OB2025 Obesity Update 2025 Case Discussions (3 abstracts)
Evaluating hypothalamic dysfunction using kisspeptin in obesity-related hypogonadism
Kanyada Koysombat 1,2 , Arthur C Yeung 1,2 , Patrick McGown 1,2 , Agathoklis Efthymiadis 1,2 , Sandhi W Nyunt 1,2 , Maria Phylactou 1,2 , Megan Young 1,2 , Bijal Patel 1,2 , Elisabeth Daniels 1,2 , Aureliane C S Pierret 1,2 , Aaran H Patel 1,2 , Jovanna Tsoutsouki 1,2 , Edouard G Mills 1,2 , Anna M Kowalka 1,2 , Chioma Izzi-Engbeaya 1,2 , Tricia M-M Tan 1,2 , Alexander N Comninos 1,2 , Ali Abbara 1,2 & Waljit S Dhillo 1,2
1Imperial College London, London, United Kingdom; 2Imperial College Healthcare NHS Trust, London, United Kingdom
Background: Male obesity-related secondary hypogonadism (MOSH) affects two-thirds of men with BMI ≥40 kg/m2 and is associated with increased mortality. Animal models suggest decreased hypothalamic function in obesity-related hypogonadism. Existing data in men suggests reduced LH pulse-amplitude but no change in LH pulse-frequency with obesity. Herein, we use kisspeptin to directly examine hypothalamic function in men with obesity, both with and without hypogonadism.

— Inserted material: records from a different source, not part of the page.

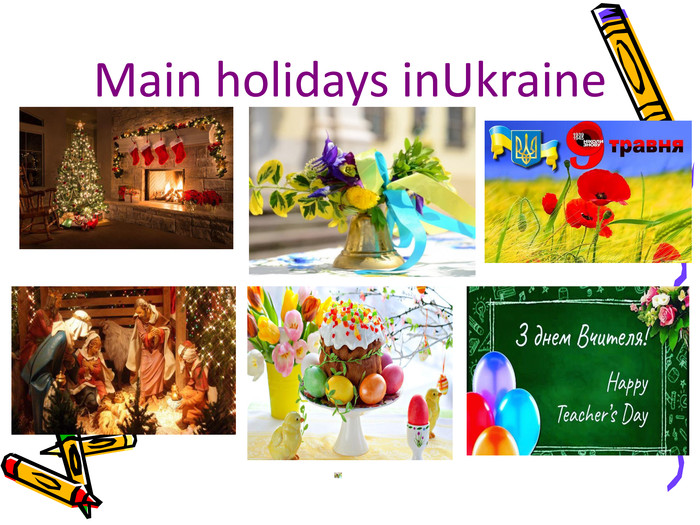 holidays in ukraine presentation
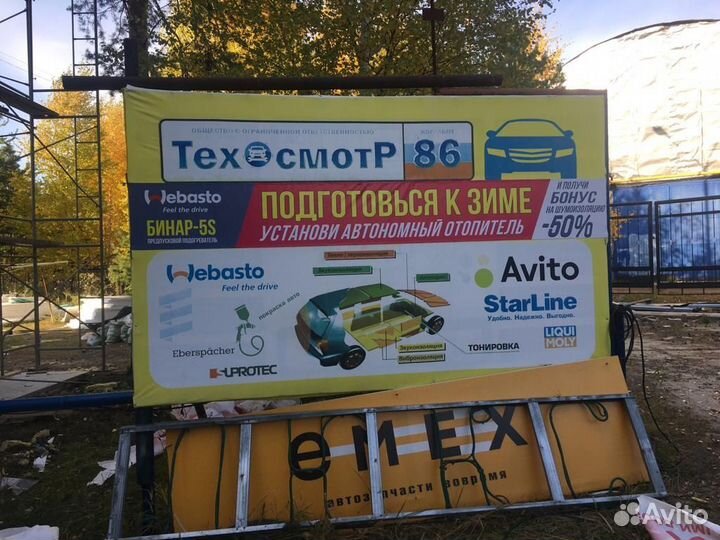 Фаркоп Hyundai Solaris 11-17 Kia Rio 11-17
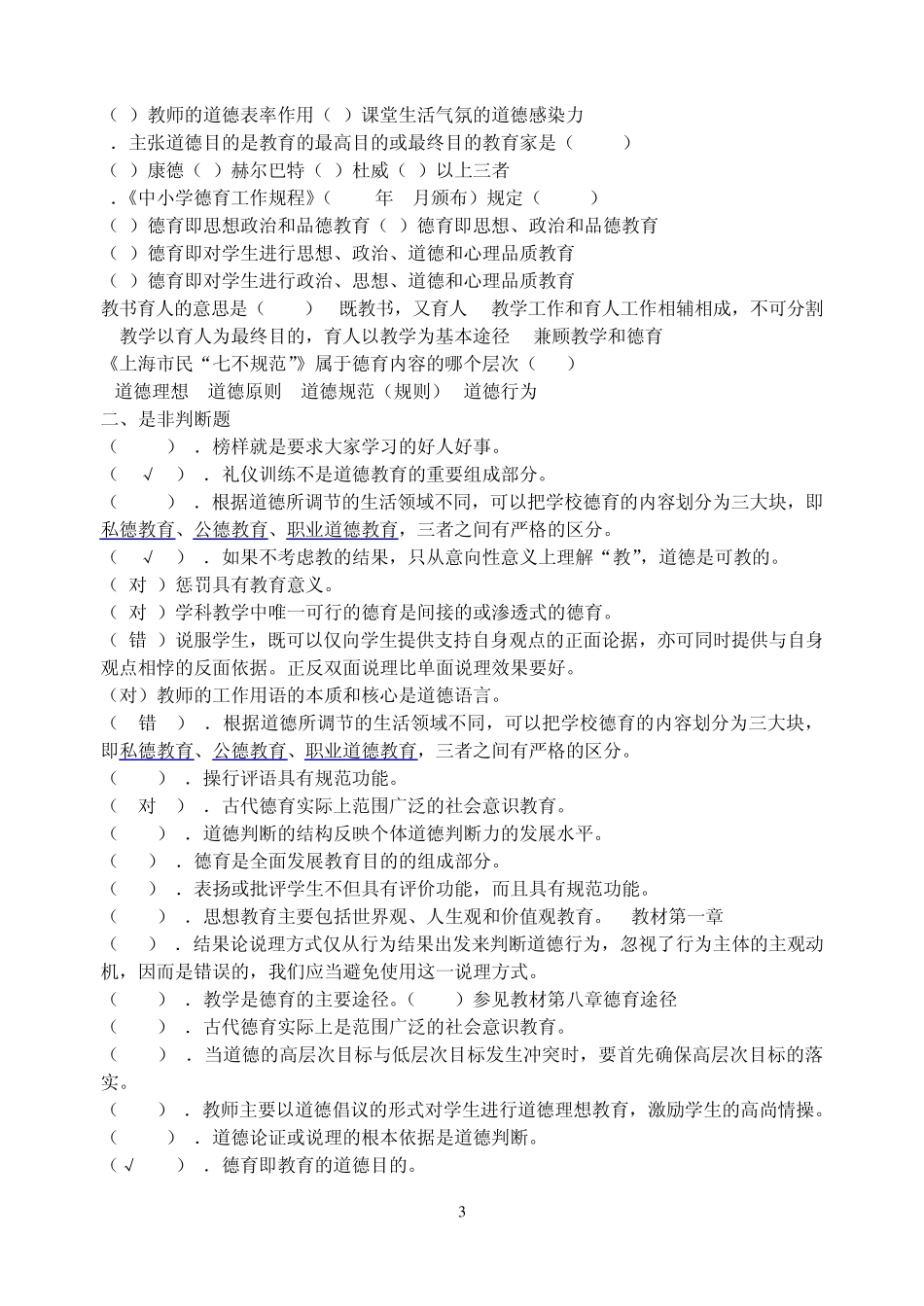 德育原理模拟试卷_第3页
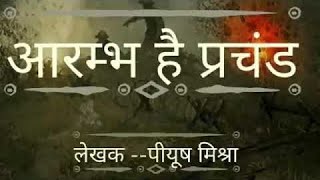 💯ARAMBH HAI PRACHAND LYRICS 💯 motivation101 motivation [upl. by Eisteb]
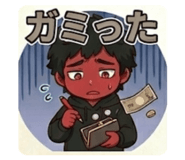 851563816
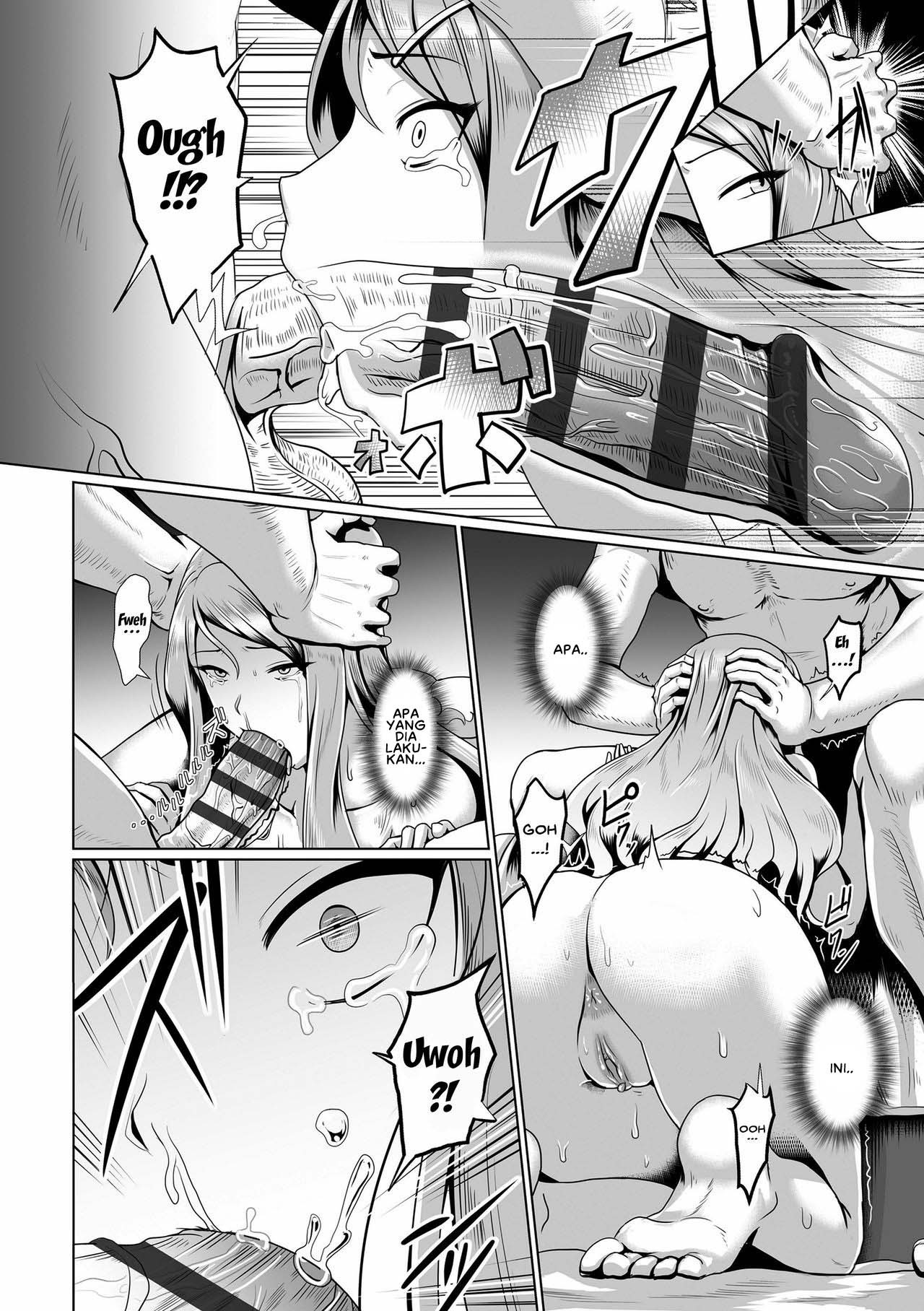 Sakare Seishun!! Ragai Katsudou: Chapter chapter-3 - Page 10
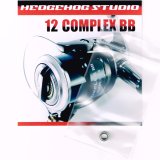12 COMPLEX BB 2500HGS,2500S Handle knob 2 Bearing Kit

Methods: Men with MOSH (n =21) (BMI ≥30 kg/m2) were identified by fasting total testosterone <10.50nmol/l and free testosterone <0.22nmol/l. We also enrolled eugonadal controls with normal BMI (<30 kg/m2, n =80) and with obesity (BMI ≥30 kg/m2, n =20). Detailed endocrine profiling included assessment of LH-pulsatility (10-minutely sampling for 8hrs), endocrine responses to intravenous bolus administration of kisspeptin-54 to interrogate hypothalamic function, and to gonadotrophin-releasing hormone to interrogate pituitary function, during three study-visits. Hormone concentrations were compared between groups using the Kruskal Wallis test, and endocrine profiles over time using mixed effects models.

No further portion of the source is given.